HUMO Dé legendarische club waar Yo La Tengo kind aan huis was, was CBGB, van 1973 tot 2006 de thuishaven voor all things punk in New York.
KAPLAN «De eerste keer dat we er geafficheerd stonden, speelden we tijdens de zogenoemde graveyard shift: na de headliner, waardoor je voor een paar dronken koppen en de schoonmaakploeg stond. Ach ja, we waren allang blij dat we érgens mochten staan (lacht).

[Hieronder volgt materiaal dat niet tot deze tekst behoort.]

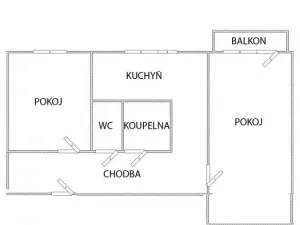 Prodej bytu 2+1, Zlín - Malenovice, třída Svobody, 51 m2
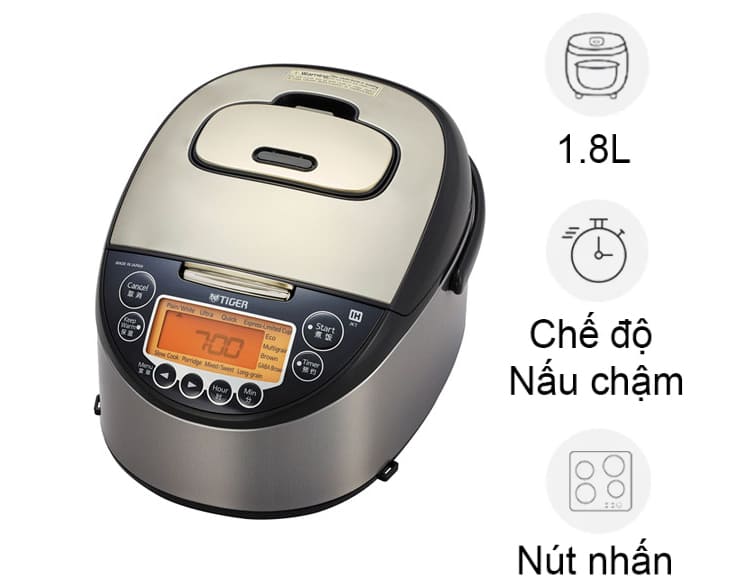 Nồi cơm điện tử cao tần Tiger 1.8 lít JKT-F18W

En zo slecht is het ons niet afgegaan in CBGB. Later heeft Dave Matthews Band nog ónze nachtshift verzorgd!
»Toen ik nog groen achter de oren was, heb ik er optredens bijgewoond van zo goed als iedereen die je met CBGB associeert. Ramones, Talking Heads, Television... Elke dag waren er twee headliners. De tweede show was pas gedaan om drie uur ’s nachts. Het is moeilijk om de sfeer van CBGB los te zien van de sfeer van het tijdsgewricht. Je vóélde dat er iets nieuws, iets speciaals uit de grond borrelde. Ik wist toen al dat ik een bevoorrechte getuige was.»

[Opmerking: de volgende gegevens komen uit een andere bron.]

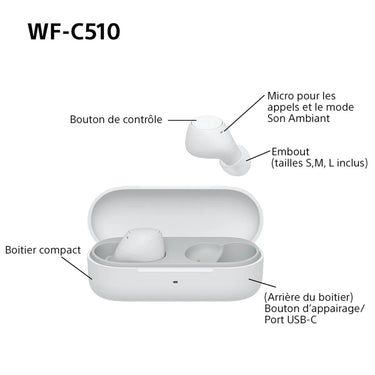 Sony WF-C510 Blanc - EasyLounge - 11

HUMO Als ik een handvol rockoptredens uit de geschiedenis had mogen bijwonen, was Television in CBGB er één van. Kun je, ter nagedachtenis van zanger Tom Verlaine, die op 28 januari overleed, nog eens vertellen hoe goed ze waren?
KAPLAN (blaast) «As good as it gets.
»Ik heb levendige herinneringen aan de eerste keer dat ik hen live zag. Als bisnummer coverden ze ‘(I Can’t Get No) Satisfaction’ van The Rolling Stones. Ik heb nooit een betere of intensere versie van dat nummer gehoord, zelfs niet door de Stones zelf. (Denkt na) Of dat nu waar is of niet: zo vóélde het die avond wel. Een wervelende kakofonie, met Richard Lloyd die zijn gitaar over het podium liet botsen en Tom Verlaine die boven alles uit zweefde. Ze blijven onovertroffen.»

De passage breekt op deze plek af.